Aeolian Playgrounds

Pipe Dreams Green  at Casula Powerhouse

Pipe Dreams Green at Casula Powerhouse


Aeolian Playgrounds is a sound sculpture concept by Damien Ricketson.

Comprised of brightly coloured flexible plastic pipes, these temporary structures are simultaneously visual sculptures as well as giant musical instruments.

The public is invited to explore and ‘perform’ these structures with leaf blowers as though they were fantastical pipe-organs.

Each new edition of an Aeolian Playground is given a unique title and designed as a site-specific work responding to the context in which it is presented. The concept is highly adaptable to a variety of visual forms and sizes in both outdoor and indoor settings. The concept has proven particularly popular with children. Over 10,000 interacted with the most recent edition, Pipe Dreams Green.

The striking visual display may be enhanced in a variety of ways including: performances by musicians integrating the haunting sound of the pipes with conventional instruments; public interaction and facilitated play with whirlies and leaf blowers; audience participation in growing the structures and; associated workshops to learn about the nature of sound and wind instruments.

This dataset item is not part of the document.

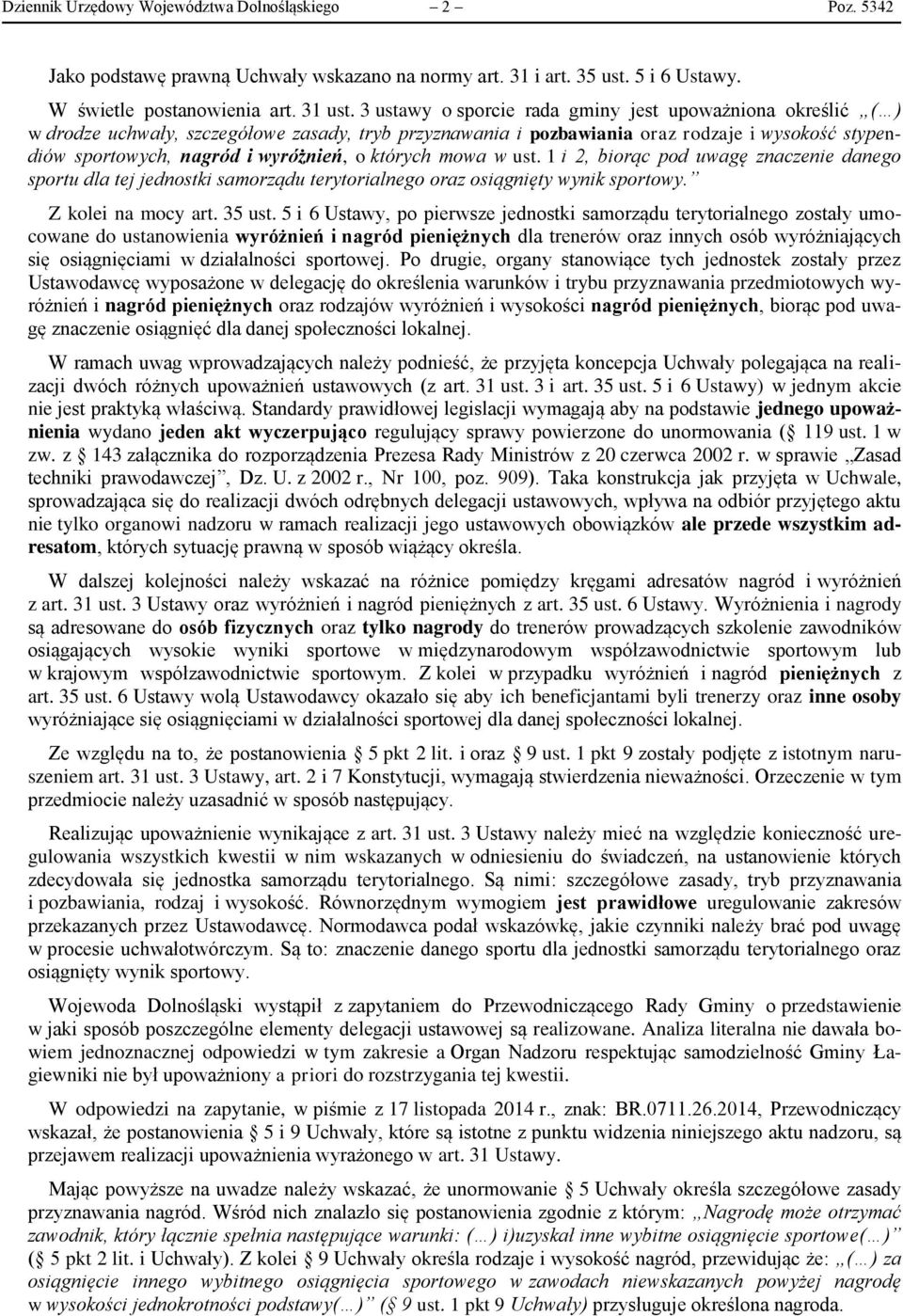 których mowa w ust. 1 i 2, biorąc pod uwagę znaczenie danego sportu dla tej jednostki samorządu terytorialnego oraz osiągnięty wynik sportowy. Z kolei na mocy art. 35 ust.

Aeolian Playgrounds brings together bold colourful forms and haunting melodies that promote the playful exploration of sound in a fun hands-on public installation. See below for existing editions of the project.



Calliope's Nest


Commissioned by Performance Space for Micro Parks 2014. Coopers St Reserve, Surry Hills, Sydney Performed by Ensemble Offspring

A small oasis of nature in a human-dominated environment, an inner city park provides an urban nest for city birdlife. In this small pocket of green sits a giant blue plastic nest that may be performed as a musical sculpture. Sounded by the wind alone, this garish structure becomes an aeolian harp murmuring gently to the birds. The alien object is subject to inexplicable performance ceremonies: bizarre modern-day rituals that both exalt and interfere with nature.


Pipe Dreams Green

Commissioned by Casula Powerhouse Arts Centre for the Way Out West Festival for Children 2015, Sydney Performed by Ensemble Offspring

In the centre of Casula Powerhouse’s vast Turbine Hall stands a giant tree-like structure made from brightly coloured plastic tubes: a clash of organic forms and artificial materials. Over the course of the festival, the tree grew. Not upwards, but outwards. Root-like tendrils attached by children snaked around the space matting around one another to form magical wave-like forms. At periodic intervals absurd workers wielding leaf-blowers breathed life into the tree that sings melodies to this mechanical wind.